Mais on est nettement moins convaincu par une diction peut-être un peu molle et, surtout, par un grave manquant de stabilité, voire de corps. Dans les Lieder de Schubert, il en faut, du grave, aussi bien pour les faire sonner eux-mêmes qu’afin que le médium gagne en plénitude. Le choix de cette musique ne donne guère la mesure des moyens de l’artiste – moyens qui évolueront, bien sûr : on ne s’étonnerait pas qu’un jour ses graves se révèlent, et même, on le lui souhaite. À ce chapitre, Gefrorne Tränen ou Wasserflut illustrent avec évidence le problème. Par ailleurs, Benjamin Hewat-Craw ne manque pas de musicalité, loin s’en faut ! La vraie bonne idée pourrait être de l’exercer dans la mélodie française, par exemple, qui profitera de la lumière particulière d’une voix attachante. Quant à l’opéra, c’est dans les rôles de barytons légers qu’on espère l’entendre un jour – un Pelléas à venir ?...
De manière irrépressible, c’est à l’écoute du pianiste que cèdent les oreilles.
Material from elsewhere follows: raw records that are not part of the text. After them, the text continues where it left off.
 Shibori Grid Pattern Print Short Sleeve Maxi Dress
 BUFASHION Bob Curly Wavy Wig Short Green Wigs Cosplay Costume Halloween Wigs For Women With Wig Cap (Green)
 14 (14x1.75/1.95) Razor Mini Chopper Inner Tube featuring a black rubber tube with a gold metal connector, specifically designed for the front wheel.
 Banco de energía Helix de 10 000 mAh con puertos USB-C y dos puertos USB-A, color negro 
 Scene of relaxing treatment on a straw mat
Dans une sonorité discrète, Yuhao Guo cisèle avec délicatesse et sensibilité chaque étape du voyage mélancolique de Wilhelm Müller. On apprécie une pédalisation parfaitement dosée qui n’a pas peur du silence. Ainsi se fait-il narrateur, lui aussi, avec autant de légitimité que le chanteur – son rendu d’Auf dem Flusse, d’Irrlicht, d’Einsamkeit et de Letzte Hoffnung livre des échantillon probant de ce talent-là.
Entre ces jeunes musiciens, tous deux issus des classes du conservatoire de Cologne (Hochschule für Musik und Tanz Köln), la rencontre s’opère dans de nombreuses pages du cycle, comme Rast, Die Krähe, Im Dorfe, Der Wegweiser, etc. Depuis quelques temps, ils forment un duo qui commençait de sillonner l’Allemagne et l’Angleterre lorsque la pandémie de Covid-19 est arrivée. La reprise de la vie culturelle de par le monde leur permettra d’affermir et d’approfondir cette collaboration positive.